Pictures in the data should be dropped; transcribe exactly the lines from the one that has "7111 Harbourside I" through the one that has "深夜10点！我国篮协发布男篮19人集训名单，球迷：有三个想不到".

Data in this exercise
* * *

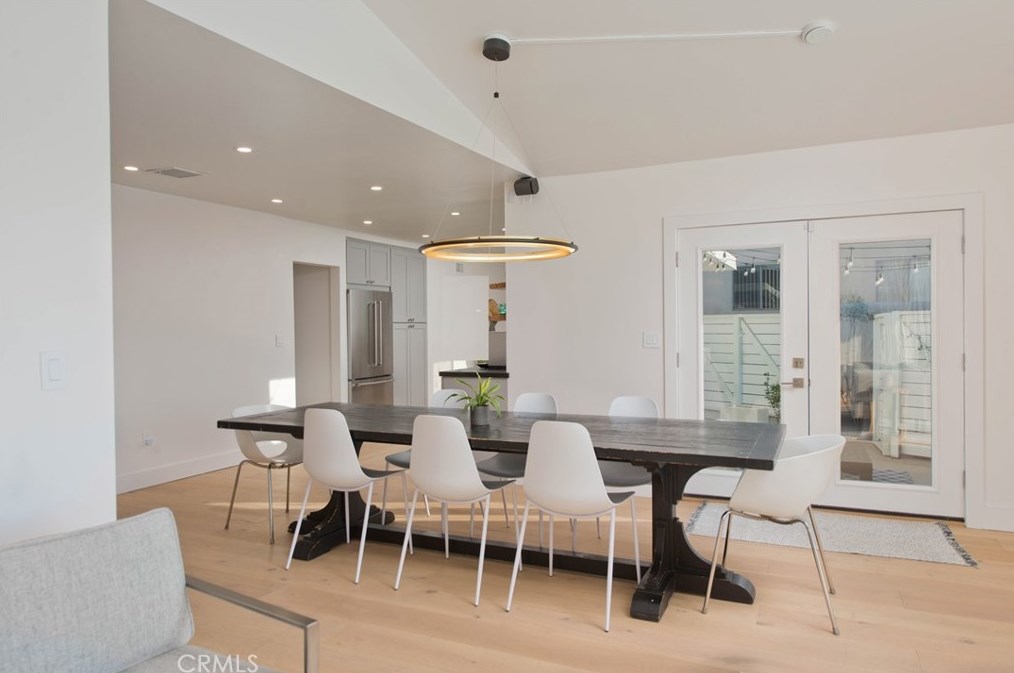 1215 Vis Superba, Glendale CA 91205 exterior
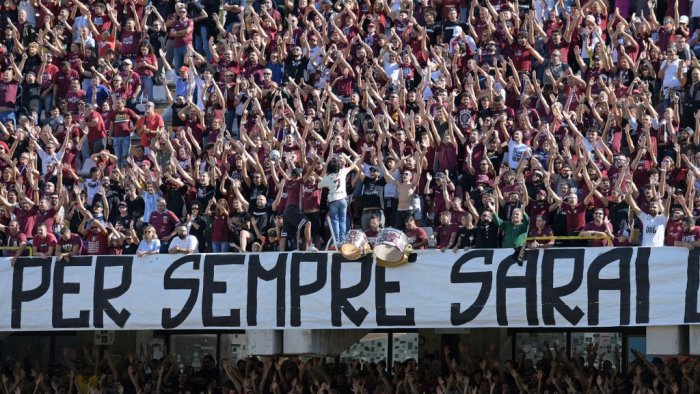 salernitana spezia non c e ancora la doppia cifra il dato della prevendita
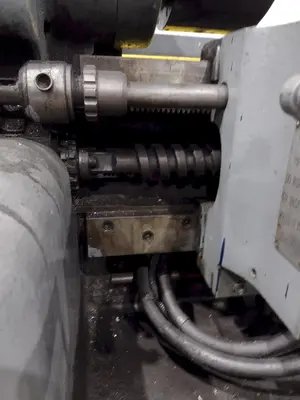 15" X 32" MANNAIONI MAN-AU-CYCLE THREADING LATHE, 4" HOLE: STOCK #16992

* * *

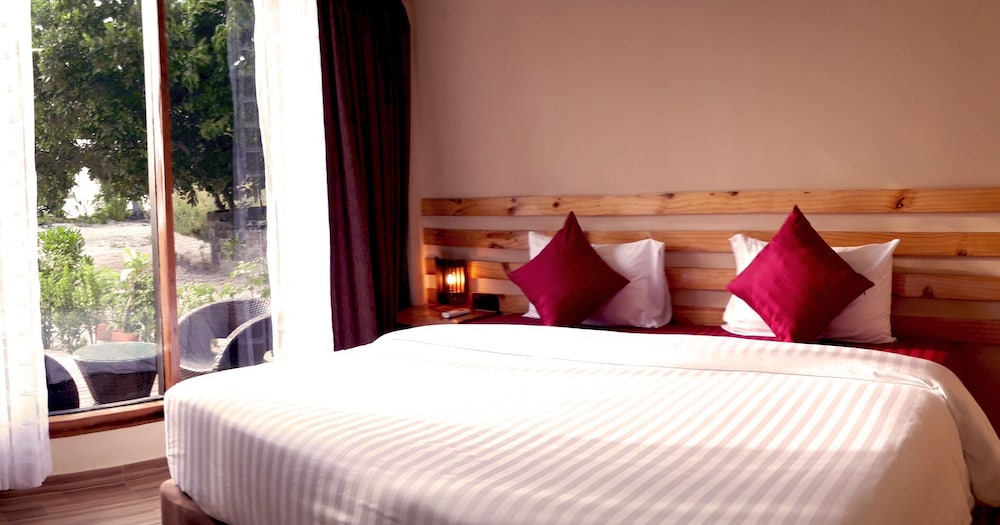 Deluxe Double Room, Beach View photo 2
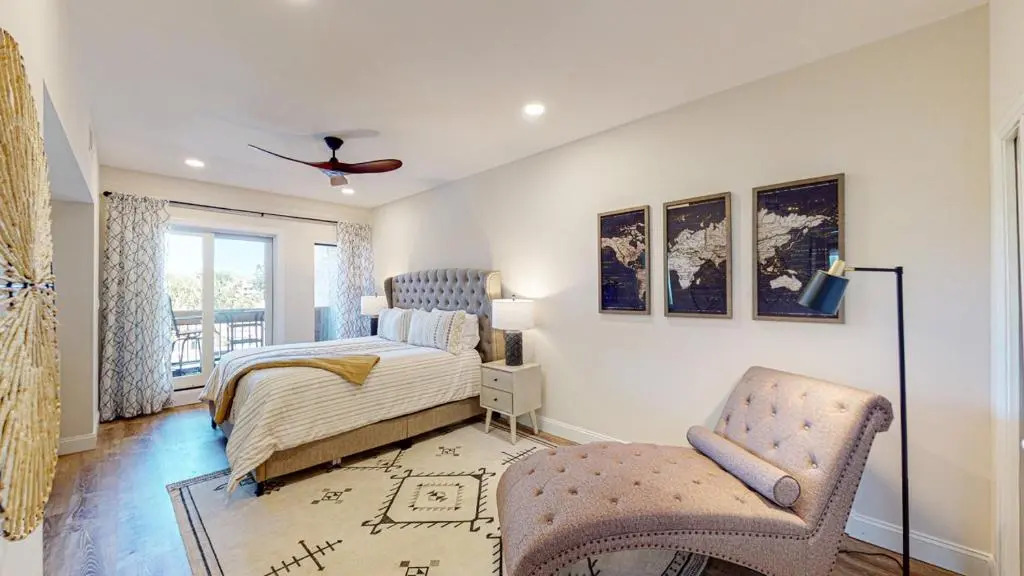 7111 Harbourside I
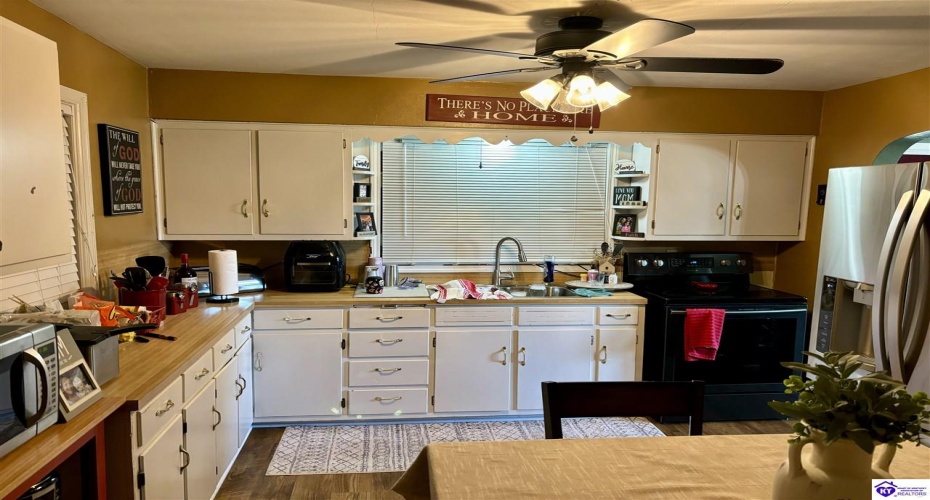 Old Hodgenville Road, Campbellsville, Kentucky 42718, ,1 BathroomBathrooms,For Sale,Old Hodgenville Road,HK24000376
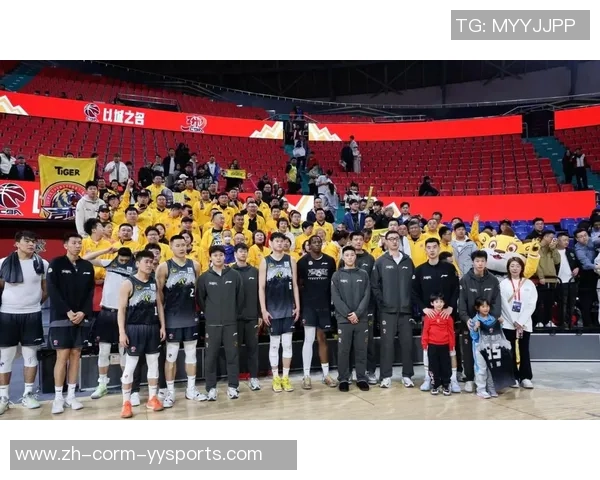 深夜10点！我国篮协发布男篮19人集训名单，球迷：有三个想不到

* * *

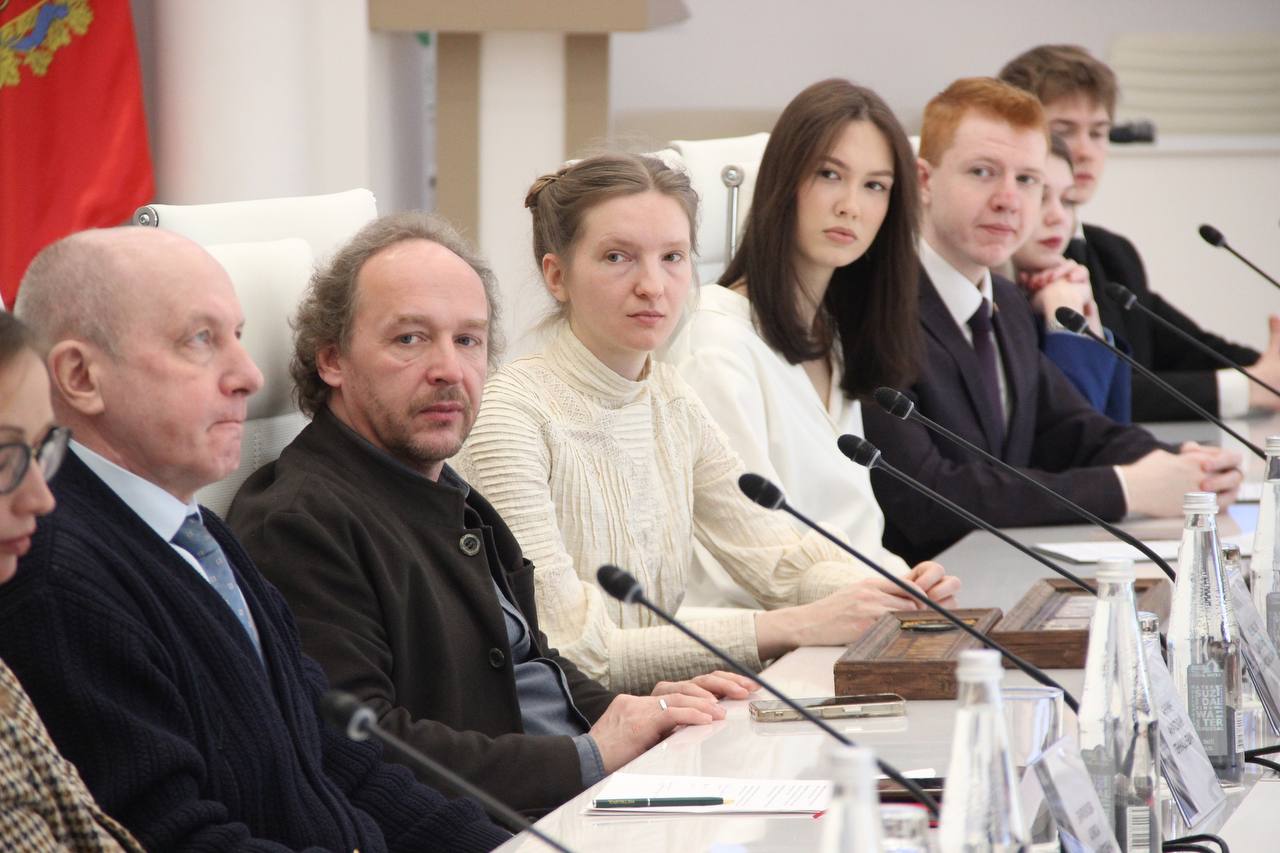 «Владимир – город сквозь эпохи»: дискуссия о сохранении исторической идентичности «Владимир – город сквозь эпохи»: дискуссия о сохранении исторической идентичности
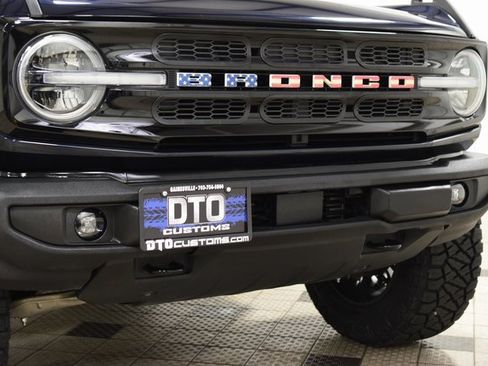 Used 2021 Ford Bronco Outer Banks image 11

* * *

Answer
 7111 Harbourside I
 Old Hodgenville Road, Campbellsville, Kentucky 42718, ,1 BathroomBathrooms,For Sale,Old Hodgenville Road,HK24000376
 深夜10点！我国篮协发布男篮19人集训名单，球迷：有三个想不到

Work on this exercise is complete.